Okay, so you may not be happy with my choice of shoes (I'm looking at you, Ian!) but I think most of you have experienced what I wrote about earlier. That is, finding something you love on the runway or in a magazine, only to later discover it was never put into production.
Anyways, I mentioned that department store and boutique buyers have something to do with this. If no one puts in orders for these items, they won't be made. But my very knowledgeable friend Jessica Gold, who runs a fashion business consultancy called JG and Co., has a much more in-depth, educated explanation that I thought I'd share with you:
"You're right-this stuff happens all the time. But it's not exactly anyone's fault, It's the process' fault.
As you point out, the first problem is the fashion cycle. All of these companies are on this wild ride to present editors, boutiques, dept stores, international accounts the best, hottest most fashion-forward pieces. In reality, what sells in showrooms and at trade shows is either a more basic color of an item, a cheaper version of an item, wardrobe basics, etc.
However, the actual problem is more complex. Even if there is interest in an editorial piece by a boutique or department store's buyers, if the demand doesn't reach the minimum they need to produce, it just never gets made. The buyers are pure number crunchers and are dealing only with wholesale or retail projections. The editorial stuff they mostly see as fluff that doesn't impact numbers.
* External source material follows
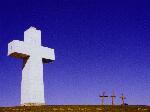 Photo of blocky white cross against a dark blue sky, taken at Bald Knob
Another part of the puzzle is PR, which needs to present editors with stand-out, amazing stuff that can be picked up for magazines or blogs. Often the sample was very expensive to produce and the companies just don't have the dollars to make mass amounts of them if there is no assurance it will sell. Again, the timing is also not lined up properly--magazines work many months out and pieces are sometimes dropped last-minute. [Which explains why I can't get my Sigerson Morrison's.]
The last part of the puzzle is everyone--in the business and regular shoppers alike--is seeing runway pieces and samples online the second they are shown to editors. This is both good and bad. Excitement is built. But buys are based on wholesale and so the average consumer really does lose their say. And of course it's upsetting when the pieces companies couldn't afford to make never show up in stores."